To be read after "Jesse James ISN'T a Tough guy" for continuity.
Sonya really had knowledge in someway on just about everyone we came across, she was young but beyond her years when it came to this lifestyle, and was the "perfect" match for me as a "companion" this night, Meredith was an added bonus thanks to the "Noh" crew being unable to attend to to their inebriation on the "green fairy", never mind their loss and my gain, i'm glad about that anyway, Yakuza aren't known for their "gentlemen" like behaviour when it comes to a female when they've paid for her!
Another thing i was glad to have with me that night was my dictaphone, it's voice-activated and recorded everything, if i didn't have this with me i would've never been able to write the recollections of a very wild night here and now.
After we left Glen we moved along the underground in the tunnel system until we arrived at the exit point and the entry point for the bowling alley. Sonya tells us to have a seat at this table which looked like the one in Happy Days at Al's, red leather upholstery, check red and white table top, look seriously out of place down here, she say's just sit down and wait, we all sit down and Sonya reached for the Pepper shaker and then pulled it forward and in doing so the table did a rapid one hundred and eighty degree turn and from being in the tunnels system to now what looks like the inside of a "Fifties" style burger joint with everything in here being authentic to that time period. Just incredible, this looks like something caught in a "timewarp"!
The place is completely empty, Sonya tells us that this hasn't been in use for many years now, no explanation was given. Too bad i'm thinking, this place was TOTALLY cool with all the authentic memoribilia.

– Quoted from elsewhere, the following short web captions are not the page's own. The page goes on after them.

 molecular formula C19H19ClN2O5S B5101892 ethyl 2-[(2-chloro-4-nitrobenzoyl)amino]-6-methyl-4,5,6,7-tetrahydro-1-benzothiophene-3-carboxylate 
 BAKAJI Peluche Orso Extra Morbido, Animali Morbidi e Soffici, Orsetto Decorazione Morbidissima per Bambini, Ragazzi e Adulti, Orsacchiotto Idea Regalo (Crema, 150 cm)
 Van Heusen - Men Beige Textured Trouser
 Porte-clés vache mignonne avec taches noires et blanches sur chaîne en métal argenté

This was right near the bowling alley and as we exit the "burger joint" we begin to see people coming and going from the alley, we could be too late Sonya thinks, Hef doesn't stay anywhere too long nowadays she tells us,"he's ALWAYS on the go" which come to some surprise to me as the blokes in his eighties now!

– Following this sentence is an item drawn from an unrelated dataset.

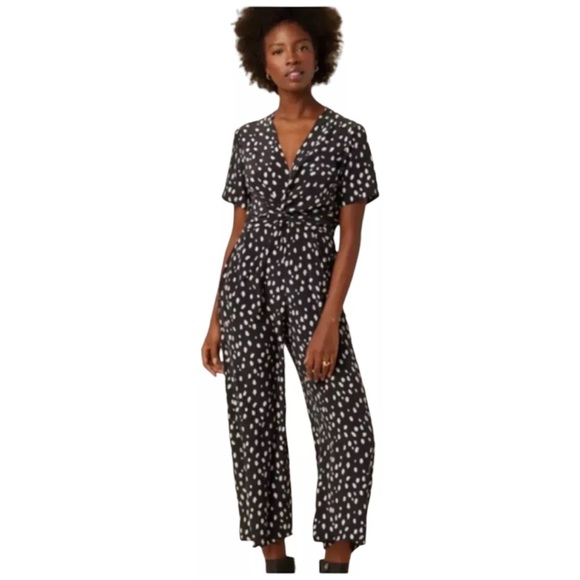 AMOUR VERT Sz XS Fantasia Washable 100% Silk Jumpsuit Black White NWT - Picture 2 of 16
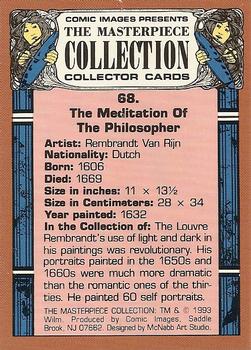 1993 Comic Images The Masterpiece Collection #68 The Meditation Of The Philosopher - Rembrandt Van Rijn - Dutch Back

She was right, we had been too late, the only person who i saw actually bowling was a porky looking Vince Neil, a failed lead singer for the band Motley Crue, a real "hair band" with Neil leaving the band in nineteen nintey two after years of chronic drug, alcohol and fast food abuse, leaving Neil obese and would make Elvis in his "fat" years look mildly anorexic!

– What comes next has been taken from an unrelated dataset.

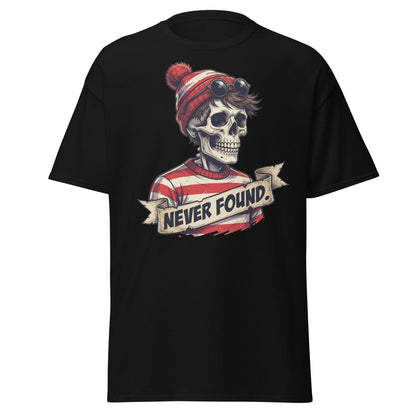Never Found Skeleton Waldo T-Shirt – Funny Parody Tee - Black - TeeRipple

"I don't wanna stay down here with that fat fu*khead" i emphatically tell Sonya, she agree's and we're soon back on our way with everyone else this time in leaving Neil to bowl all he wants BY HIMSELF! i noticed Ben Stiller was walking next to me and we had a laugh about Vince Neil and his "bowling"! i'd never met Ben before but we had a good laugh a Neil's expense, it seems i wasn't the only one who disliked Neil with a passion, Stiller had some less than favorable remarks which i won't re-print here although i will say they were brutal!
The four of us walked together back outside talking and laughing the whole way out, ya see Ben is funny as fu*k, a TRUE comedian as i would imagine Robin Williams to be, well atleast when he was in his natural prime, ........which is about twenty years ago now, last time i saw him on David Letterman he was about as funny as "root canal"!